振り返った男はレイを見据える(?)と、レイからかろうじて見えている口元を歪めた。
「ふふ…… さっそく見つかるとは……運がいい……」
それだけ言うと、男はつかつかとレイの方へ歩み寄ってくる。
(う、動けない……。いや、来ないで……)
レイの顔が悲痛にゆがむ。逃げたいのに、恐怖心が足を床に縫い付ける。
男は、すんなりとレイの傍までやって来ると、人形をそうするかのように、レイの首をつかんで持ち上げ、小さな体を壁に押し付けた。
(うっ……。何、この人……力が……)
体に違和感を感じ、必死に抵抗を試みるが、何とも無いようだ。必死に周囲を見回し、ふと、つかまれている男の手首に目をやった時、妙な形の腕輪に気が付いた。
(この腕輪……おか……しい……)
まるで、腕輪に力を吸い取られているような感覚だった。
レイは、ありったけの気力を振り絞る。
(『ラデ・クォフ』)
レイの首をつかんでいる男の手首を両手で掴み、ついに魔法を使った。
なんとか、つけているマジックツールの効果であると思わせるため、極力、攻撃性としてはこけおどしに近い、触れたものに静電気ほどの微弱電流を走らせる術を使った。
思惑通り、男は驚いて手を放し、後ろへ数歩よろけた。
(げほっ……けほっけほっ……)
解放されたレイは、その場に崩れ落ち咳込みながらも助けを求めるため、周りを見渡す。
しかし、もともと人通りの少ない廊下であるためか、周りには誰もいない。
「くそっ…… 何しやがった!」
思った通り、男は腕輪を確かめるような仕草をする。
今のうちに何とかして逃げなければ、と必死に考えるレイだったが、目を開けているのがやっとだった。
「この、小娘が……!」
腕輪が大丈夫だったらしい男は、再びレイのもとへ迫ろうと歩き出した。
これまでか、と諦めかけたその時、レイは、男の背後に人影を見た。
(誰かいる!)
人影が走りながら魔法を唱えているのが見えたレイだったが、その微妙な表情の変化に男が気づいてしまった。
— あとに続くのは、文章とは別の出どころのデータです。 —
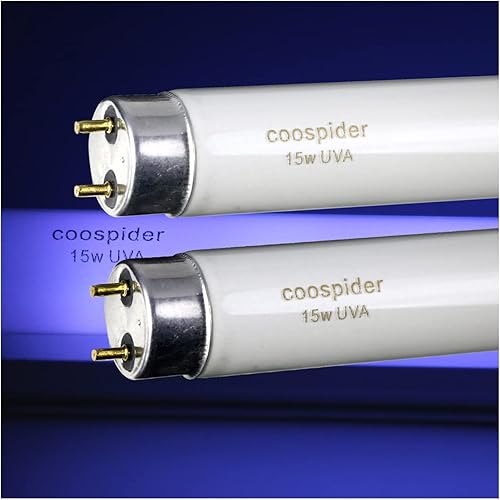 Miniatura 2 de COOSPIDER Paquete de 2 bombillas compactas CFL de 15 W UV BL CFL para 30 W, tubo recto de repuesto T8 F15 de 18 pulgadas, luz azul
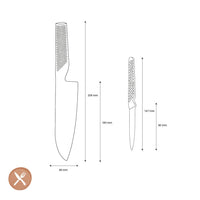 Global - G-4615 Ensemble de couteaux 2 pièces Couteau Santoku + Couteau d'office Ensemble de couteaux Global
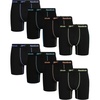 image:imageReebok Mens Underwear  8 Pack Performance Mens Boxer Briefs with Pouch  Breathable Comfort Pulls Sweat Away from Skin Precise Inseam Sizing Built for AllDay PerformanceBlack Contrast Stitch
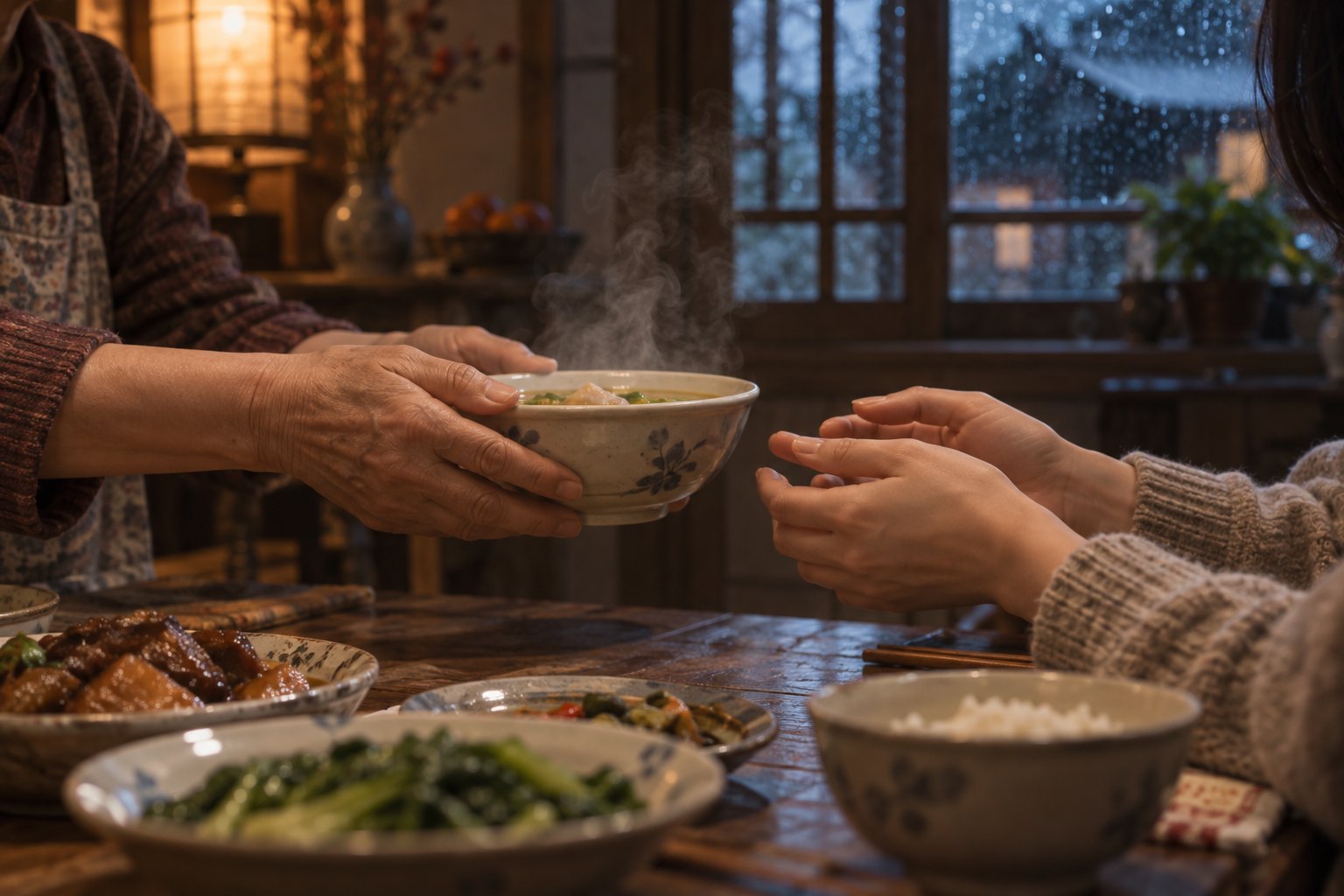 暖灯照亮老宅餐桌,母亲将一碗热汤递向女儿,蒸汽升起在两双手之间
後ろを振り返って、舌打ちする。
「ちっ……バレたか」
それだけを言い残すと、横の空いていた窓から、常人とは思えないほどの素早さで逃げて行った。
(せ、先生……)
見えた人影はロザリオだった。
レイは立ち上がり、ロザリオのもとへ向かおうとするが、自分が先程まで、目を開けているのがやっとであったことを忘れていた。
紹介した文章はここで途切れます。